● **Required work**
Drop the pictures; give again exactly the lines from the one holding "Siyah 0909 Baskılı Oversize Eşofman Takımı" through the end of the data.

● **Stored data**
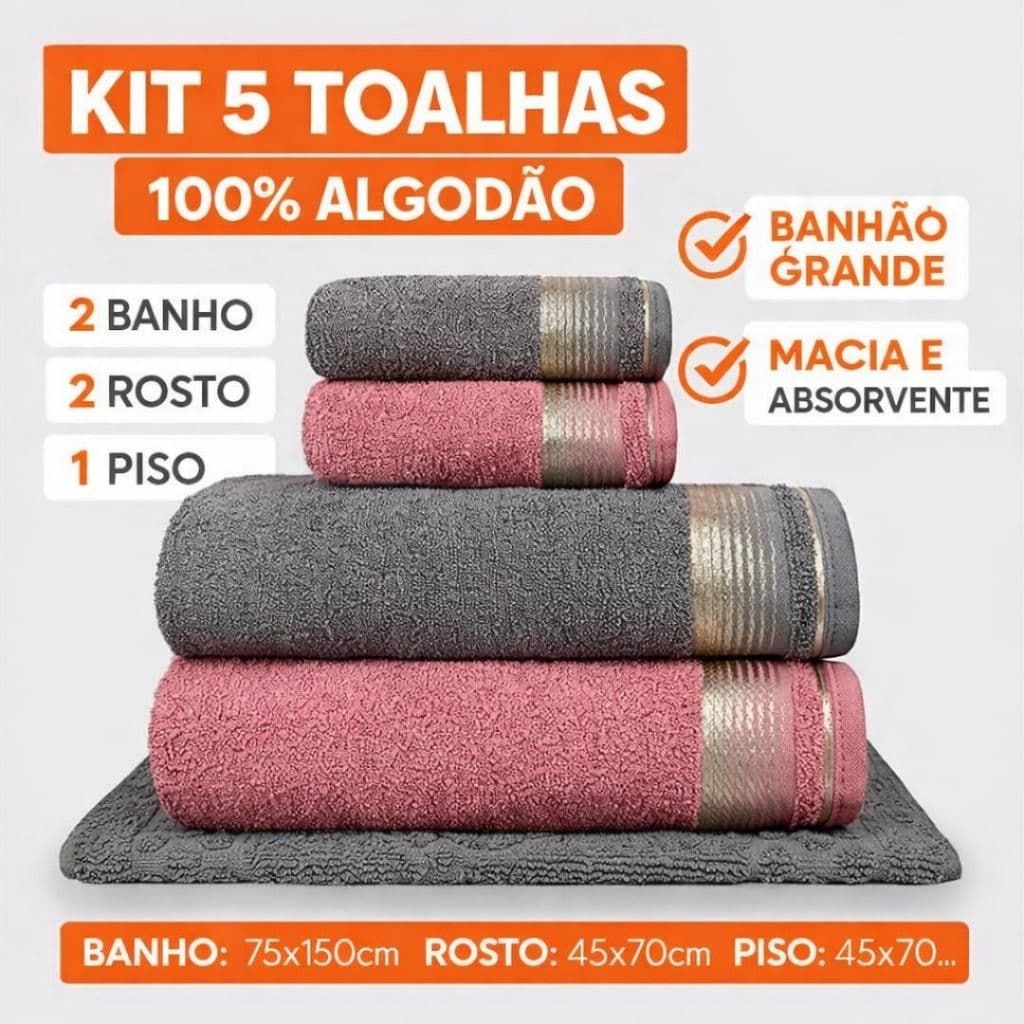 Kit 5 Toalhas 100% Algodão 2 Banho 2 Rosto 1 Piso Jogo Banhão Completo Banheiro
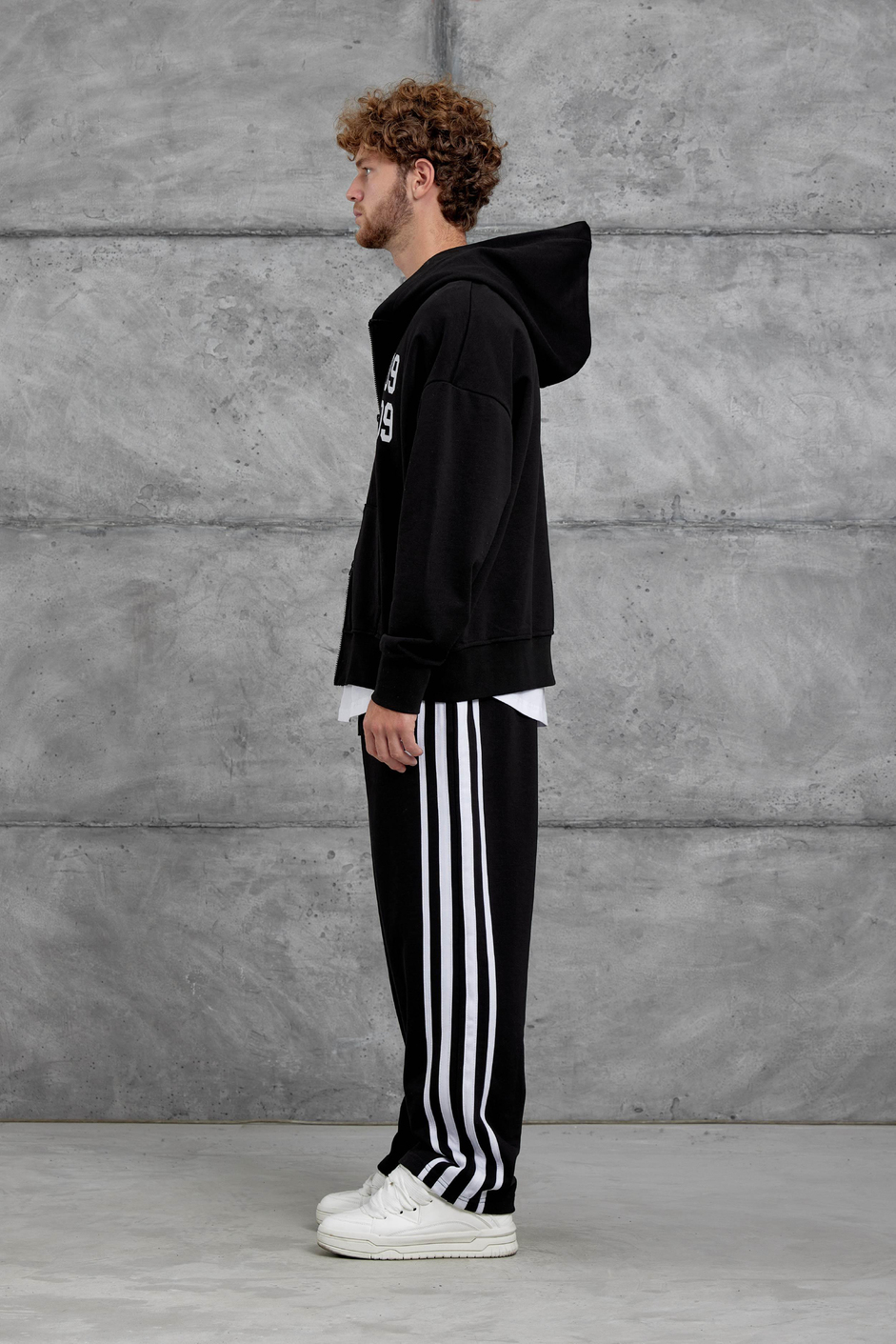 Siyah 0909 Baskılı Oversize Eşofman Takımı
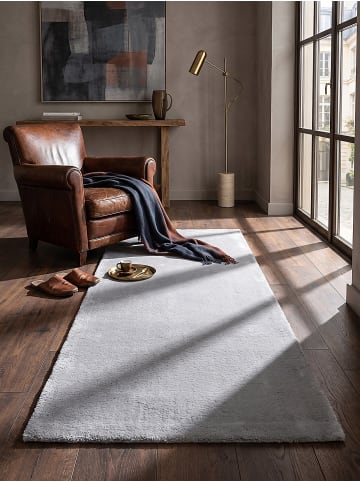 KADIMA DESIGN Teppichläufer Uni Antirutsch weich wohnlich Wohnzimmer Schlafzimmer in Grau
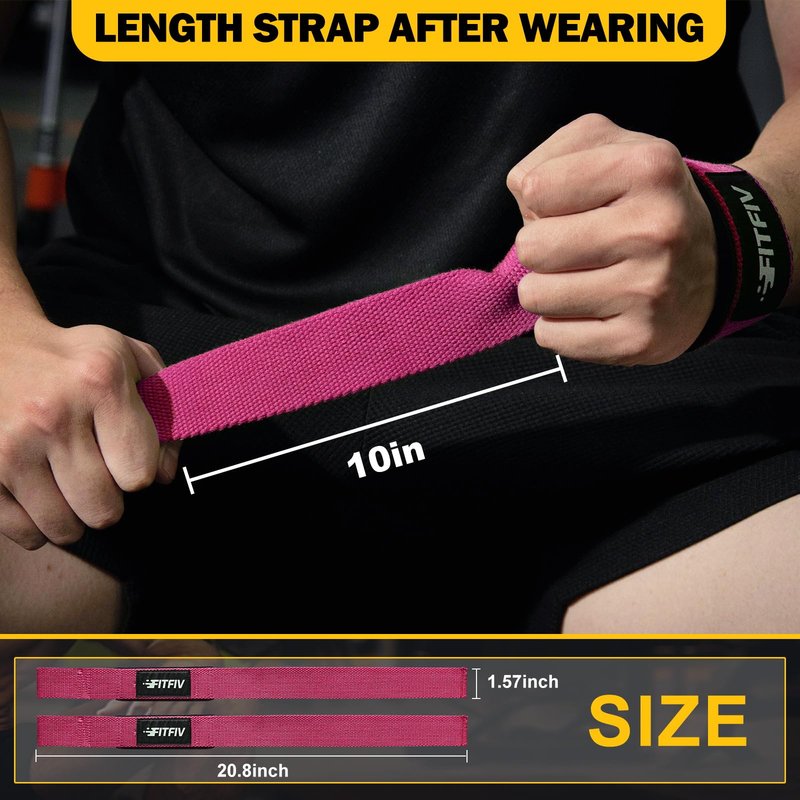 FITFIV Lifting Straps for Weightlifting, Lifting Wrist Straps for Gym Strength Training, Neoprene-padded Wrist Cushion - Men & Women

● **Response**
 Siyah 0909 Baskılı Oversize Eşofman Takımı
 KADIMA DESIGN Teppichläufer Uni Antirutsch weich wohnlich Wohnzimmer Schlafzimmer in Grau
 FITFIV Lifting Straps for Weightlifting, Lifting Wrist Straps for Gym Strength Training, Neoprene-padded Wrist Cushion - Men & Women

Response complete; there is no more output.